I'm assuming by "hung" you mean more of a "hang up", as in problem-causing item where rsync died, rather than "hung" as in the process keeps running but stops doing anything useful.

The truss output shows 2 processes on the server side which discover that the remote connection has closed, so there's nothing going wrong with rsync. If the client side is seeing a similar error, this just means that the network connection failed and both sides noticed it.
Comment 3 Vivien Wu 2006-02-06 15:09:48 UTC
>I'm assuming by "hung" you mean more of a "hang up", as in problem-causing item
>where rsync died, rather than "hung" as in the process keeps running but stops
>doing anything useful.

It's more of the latter. The rsync from the sender did not die immediately while the receiver (the host which generated the truss output) had already closed the connection. The sender stayed alive but doing nothing until it reached the timeout (3600). Btw, the sender and receiver is linked by WAN.. so maybe it's the WAN link which drops the link?
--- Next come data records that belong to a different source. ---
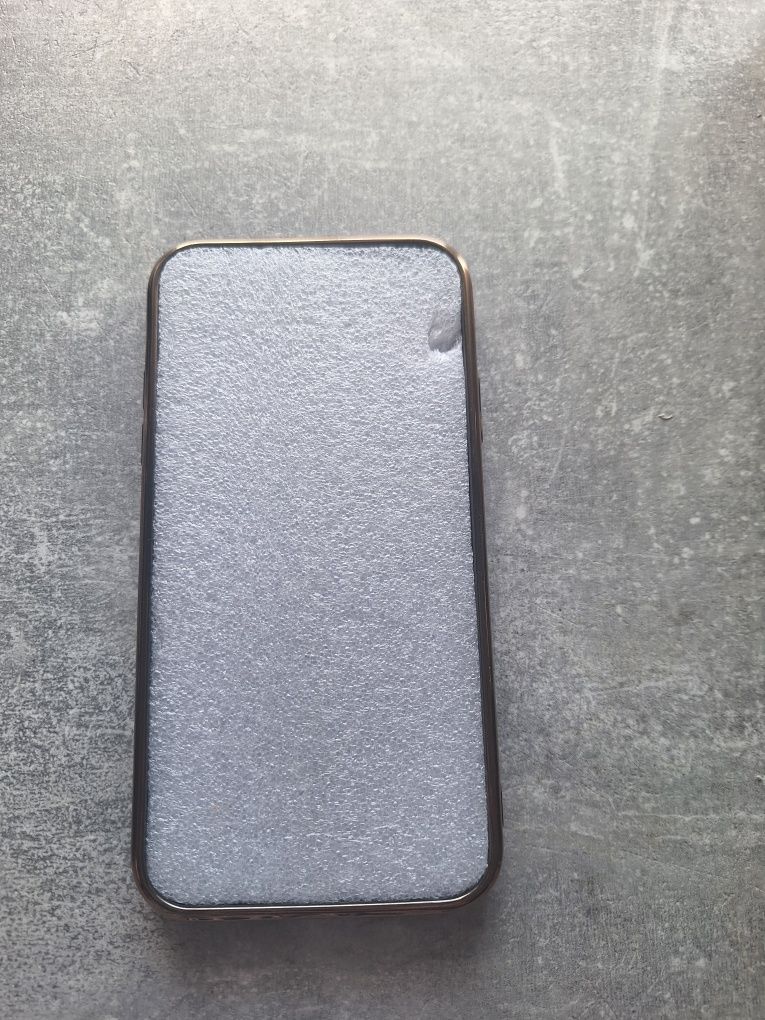 Etui do IPhone  11 i 12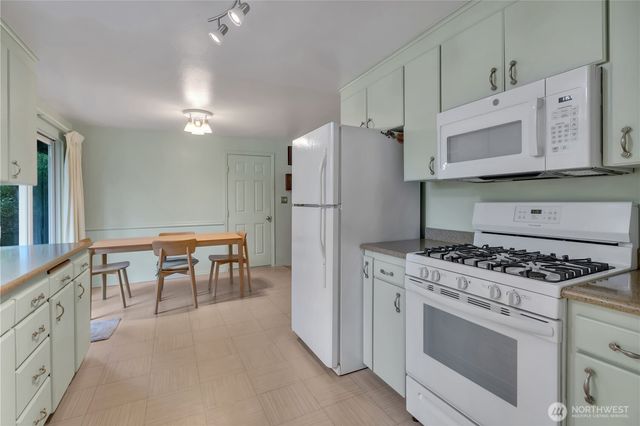35413 11th Avenue SW, Federal Way, WA 98023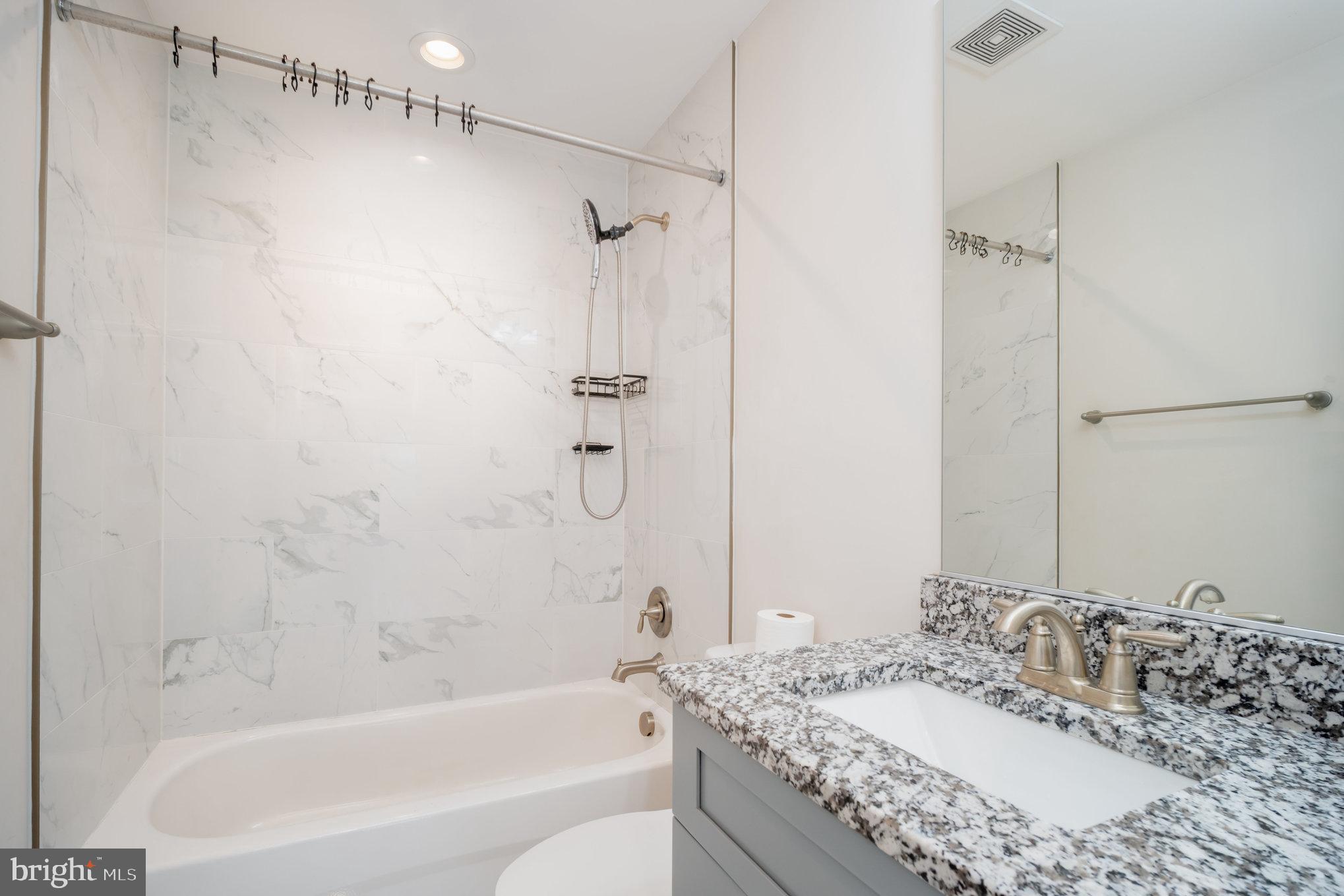 GLEBE HARBOR - Residential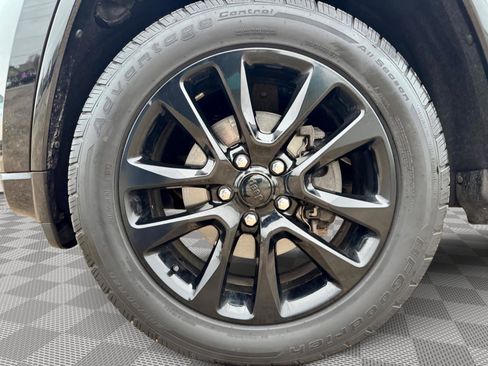 Used 2020 Jeep Grand Cherokee Altitude AWD/4WD image 34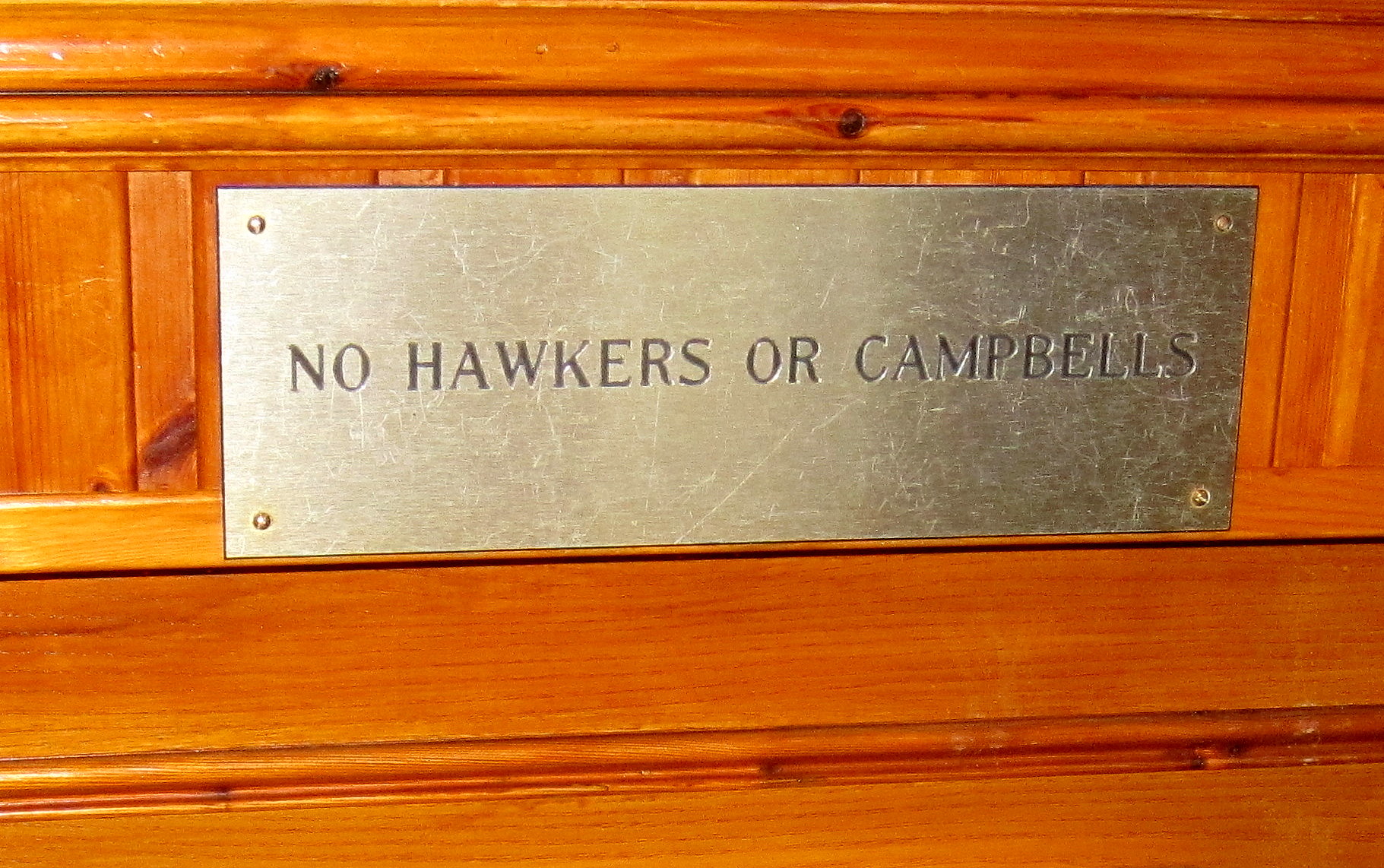 Clachaig Inn bord dat de toegang verbiedt aan leurders en Campbells, Schotland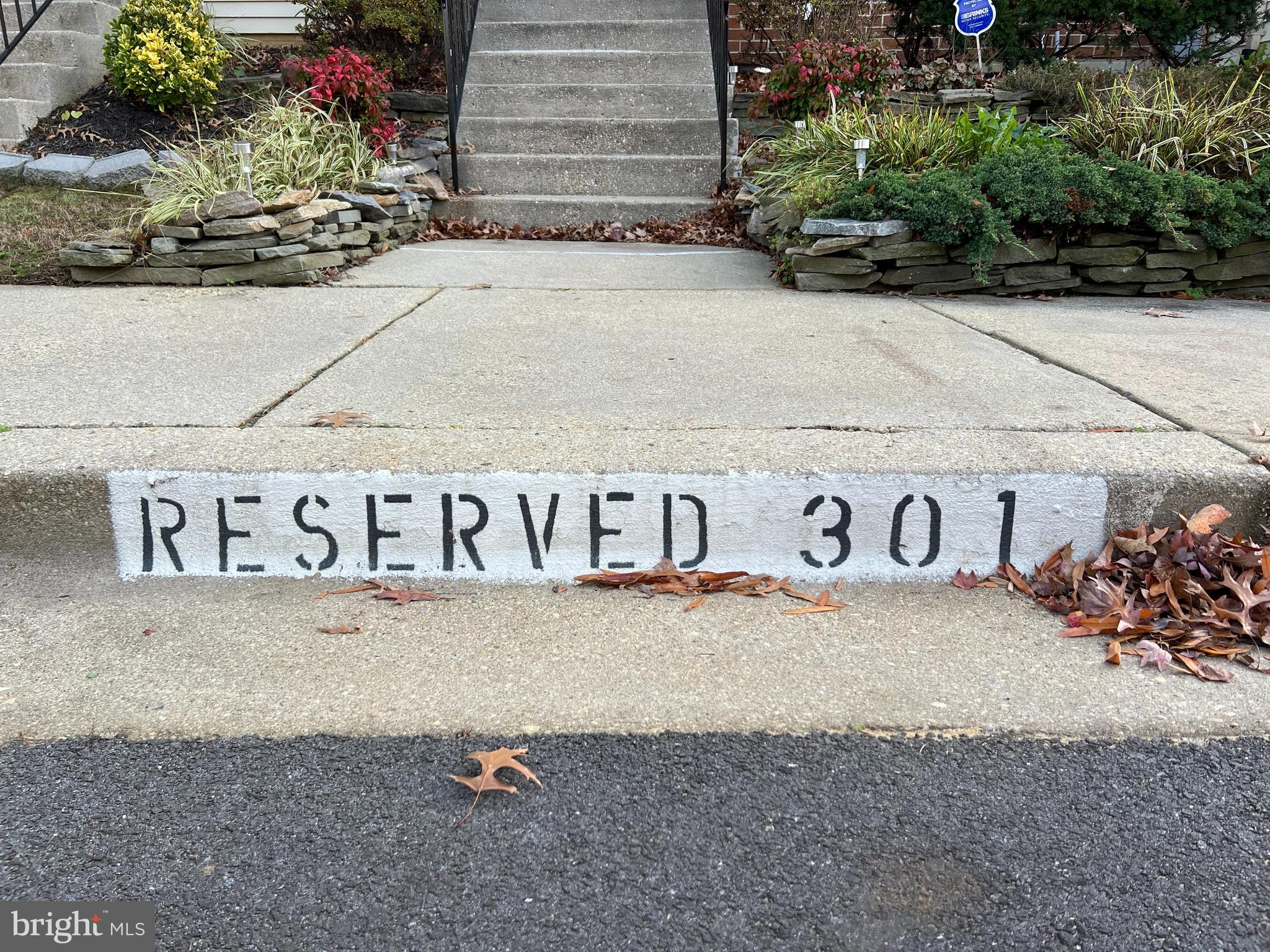 PRINCETON SQUARE - Residential Lease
I'll check.. thanks.

Comment 4 Vivien Wu 2006-02-10 12:26:31 UTC
(In reply to comment #3)

We had the MIS turned off the hardware compression unit for the US-UK link and the problem went away. Turned it back on and it failed again. So it's probably the WAN quality and probably has nothing to do with rsync itself. 


> It's more of the latter. The rsync from the sender did not die immediately
> while the receiver (the host which generated the truss output) had already
> closed the connection. The sender stayed alive but doing nothing until it
> reached the timeout (3600). Btw, the sender and receiver is linked by WAN.. so
> maybe it's the WAN link which drops the link? I'll check.. thanks.